Proud Moments: Philly Once Led The Charge To Waterboard The Mentally Ill

haskellThere’s an interesting piece over at The Huffington Post today, which talks about waterboarding’s secret history as a “treatment” for the insane in the 1800s. As it turns out, much of what we know about the practice in those days centers around a Philly businessman of the day named Ebenezer Haskell (pictured), who worked in Old City and was institutionalized numerous times. Haskell came to write a book about his experiences when he was an older man, and ouch, what an experience it was:

In 1867, Ebenezer Haskell, a leading businessman in Philadelphia, was admitted for the third time to the Pennsylvania Hospital for the Insane. This was Haskell’s third admission because he was far from dull and he had a penchant for escaping. When he’d be out a few months, the authorities would find him, arrest him, and return him to the asylum. Meanwhile, he wrote and published with his own money a small book that described his time in the lunatic asylum and the later trial in 1868 that declared him completely sane. Small books can often have large import, and so it is with this book by Ebenezer Haskell. [...]

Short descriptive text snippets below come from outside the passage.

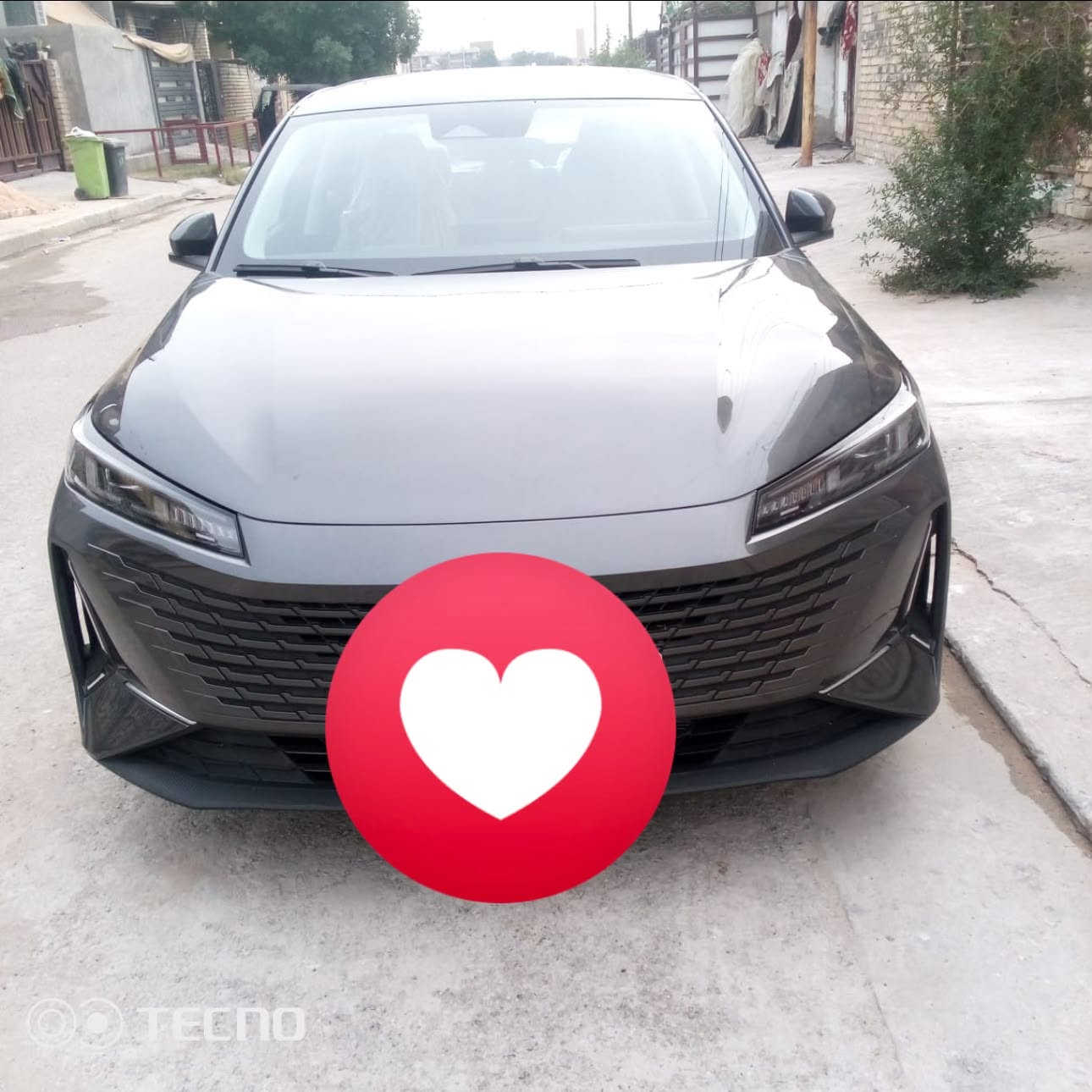 � للبيع شانجان EADO PLUS موديل 2026 🚘
🇮🇶 وارد شركة البخيت – ضمان الشركة

✨ المواصفات والتفاصيل:
🔹 موديل 2026
🔹 الممشى: 21,136 كم
🔹 محرك 1.5 تيربو
🔹 قير أوتوماتيك
🔹 شاشة وسطية وشاشة عدادات رقمية
🔹 كاميرا خلفية + حساسات
🔹 تشغيل ودخول بصمة/بدون مفتاح
🔹 جنوط رياضية
🔹 إضاءة LED
🔹 داخلية جلد
🔹 تكييف
🔹 أنظمة أمان وثبات

⚠️ ملاحظة: السيارة بيها شخط بلشاملغ  وشخط بالدعامية، والتفاصيل موضحة بالصور، والبيع بكل شفافية.

💰 السعر: 26,000,000 دينار عراقي

📍 السيارة موجودة وجاهزة للفحص
🔧 الفحص على المشتري بأي مكان يختاره.

📞 للاستفسار والتفاصيل: ***********

نص مكتوب في الصور:
- TECNO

The spread-eagle cure, common in 1867, reveals a few things about public attitudes towards madness. The “cure” was no cure at all, simply a procedure applied to terrorize patients–especially when they were disorderly. The patient was stripped naked, thrown on the floor on his back, and then his arms and legs each gripped by one of a team of four men. The patient’s limbs were stretched out to keep him immobilized. A fifth man, a “doctor” (more often an orderly), would then stand on a chair or table at the head of the patient and pour a series of buckets of cold water on the patient’s face until the patient nearly drowned. After the treatment, the patient was returned to his dungeon supposedly “cured” of all disease, including lunacy.

Geez Louise. Haskell’s book, The Trial of Ebenezer Haskell, in Lunacy, and His Acquittal Before Judge Brewster is up online at Google Books. And it seems like it’s something else.

One Response to “Proud Moments: Philly Once Led The Charge To Waterboard The Mentally Ill”

  1. mark segal Says:

    Strangely enough Pennsylvania kept up the tradition of torture to it’s patients particularly gay men with “aversion therapy” way into the 1970’s. Hearings were held in the Pennsylvania House under House Leader Rep. Fineman. The offense happened at Eastern Pennsylvania Psychiatric Institute, known as EPPI.